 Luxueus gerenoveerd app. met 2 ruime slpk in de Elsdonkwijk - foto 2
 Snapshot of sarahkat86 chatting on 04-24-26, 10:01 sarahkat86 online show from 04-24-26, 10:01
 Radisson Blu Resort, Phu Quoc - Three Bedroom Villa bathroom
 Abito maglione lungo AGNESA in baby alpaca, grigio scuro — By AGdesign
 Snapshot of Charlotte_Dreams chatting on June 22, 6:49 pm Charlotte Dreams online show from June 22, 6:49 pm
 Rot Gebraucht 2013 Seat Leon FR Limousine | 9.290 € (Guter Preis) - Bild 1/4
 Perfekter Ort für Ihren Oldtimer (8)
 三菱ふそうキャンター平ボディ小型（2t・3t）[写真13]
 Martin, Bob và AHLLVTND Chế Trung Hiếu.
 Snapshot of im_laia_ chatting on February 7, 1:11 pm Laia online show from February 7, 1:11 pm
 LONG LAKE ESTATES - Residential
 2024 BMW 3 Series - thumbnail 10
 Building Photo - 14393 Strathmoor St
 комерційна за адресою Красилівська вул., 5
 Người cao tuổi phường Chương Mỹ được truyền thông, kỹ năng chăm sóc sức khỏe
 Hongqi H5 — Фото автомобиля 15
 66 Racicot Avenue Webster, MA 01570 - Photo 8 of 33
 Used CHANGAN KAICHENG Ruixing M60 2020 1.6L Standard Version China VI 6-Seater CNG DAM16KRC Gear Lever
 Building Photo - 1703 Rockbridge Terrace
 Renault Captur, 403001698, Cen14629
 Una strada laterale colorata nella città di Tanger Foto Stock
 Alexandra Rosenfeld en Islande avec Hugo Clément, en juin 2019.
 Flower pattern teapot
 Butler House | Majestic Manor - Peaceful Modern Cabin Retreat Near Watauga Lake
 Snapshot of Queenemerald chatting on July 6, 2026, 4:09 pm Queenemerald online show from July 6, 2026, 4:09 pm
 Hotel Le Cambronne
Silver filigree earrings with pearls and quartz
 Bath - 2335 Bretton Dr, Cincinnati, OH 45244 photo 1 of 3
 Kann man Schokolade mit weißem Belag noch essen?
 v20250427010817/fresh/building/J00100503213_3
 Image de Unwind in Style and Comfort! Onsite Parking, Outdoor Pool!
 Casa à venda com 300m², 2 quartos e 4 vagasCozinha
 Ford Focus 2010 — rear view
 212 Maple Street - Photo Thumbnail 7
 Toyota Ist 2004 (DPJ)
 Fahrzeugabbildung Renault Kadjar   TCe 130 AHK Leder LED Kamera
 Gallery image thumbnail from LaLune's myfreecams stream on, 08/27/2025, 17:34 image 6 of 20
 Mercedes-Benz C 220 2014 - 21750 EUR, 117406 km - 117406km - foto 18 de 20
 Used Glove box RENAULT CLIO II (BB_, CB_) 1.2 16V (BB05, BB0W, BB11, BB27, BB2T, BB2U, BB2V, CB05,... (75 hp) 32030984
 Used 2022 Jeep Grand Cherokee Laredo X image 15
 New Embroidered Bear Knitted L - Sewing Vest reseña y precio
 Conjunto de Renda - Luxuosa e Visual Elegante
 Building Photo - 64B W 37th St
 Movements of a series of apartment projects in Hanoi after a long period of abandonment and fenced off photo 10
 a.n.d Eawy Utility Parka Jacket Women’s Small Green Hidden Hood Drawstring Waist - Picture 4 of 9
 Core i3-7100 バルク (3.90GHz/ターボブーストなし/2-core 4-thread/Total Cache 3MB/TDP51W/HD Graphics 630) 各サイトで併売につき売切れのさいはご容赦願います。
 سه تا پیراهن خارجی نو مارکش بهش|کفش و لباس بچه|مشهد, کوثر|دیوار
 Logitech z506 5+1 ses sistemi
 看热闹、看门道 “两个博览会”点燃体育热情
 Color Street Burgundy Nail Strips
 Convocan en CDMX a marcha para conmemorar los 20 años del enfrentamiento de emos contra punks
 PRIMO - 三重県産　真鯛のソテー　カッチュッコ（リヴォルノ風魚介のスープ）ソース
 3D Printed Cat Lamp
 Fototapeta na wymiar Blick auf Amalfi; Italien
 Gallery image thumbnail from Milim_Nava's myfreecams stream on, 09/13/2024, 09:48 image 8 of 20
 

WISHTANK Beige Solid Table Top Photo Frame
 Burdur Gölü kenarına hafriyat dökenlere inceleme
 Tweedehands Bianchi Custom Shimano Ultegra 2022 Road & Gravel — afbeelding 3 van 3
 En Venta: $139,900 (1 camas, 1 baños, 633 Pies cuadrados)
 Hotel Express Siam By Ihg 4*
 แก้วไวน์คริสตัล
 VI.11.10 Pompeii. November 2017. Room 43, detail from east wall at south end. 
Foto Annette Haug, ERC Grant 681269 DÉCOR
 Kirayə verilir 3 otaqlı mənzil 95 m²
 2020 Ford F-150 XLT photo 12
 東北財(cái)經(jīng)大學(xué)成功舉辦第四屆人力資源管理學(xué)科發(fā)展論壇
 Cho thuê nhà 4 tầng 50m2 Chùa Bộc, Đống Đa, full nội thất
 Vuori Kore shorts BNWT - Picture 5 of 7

* [REQUIRED ACTION]: Tally every line in these entries where the string "myfreecams" occurs. The tally alone is the answer.

* [RESPONSE]: 2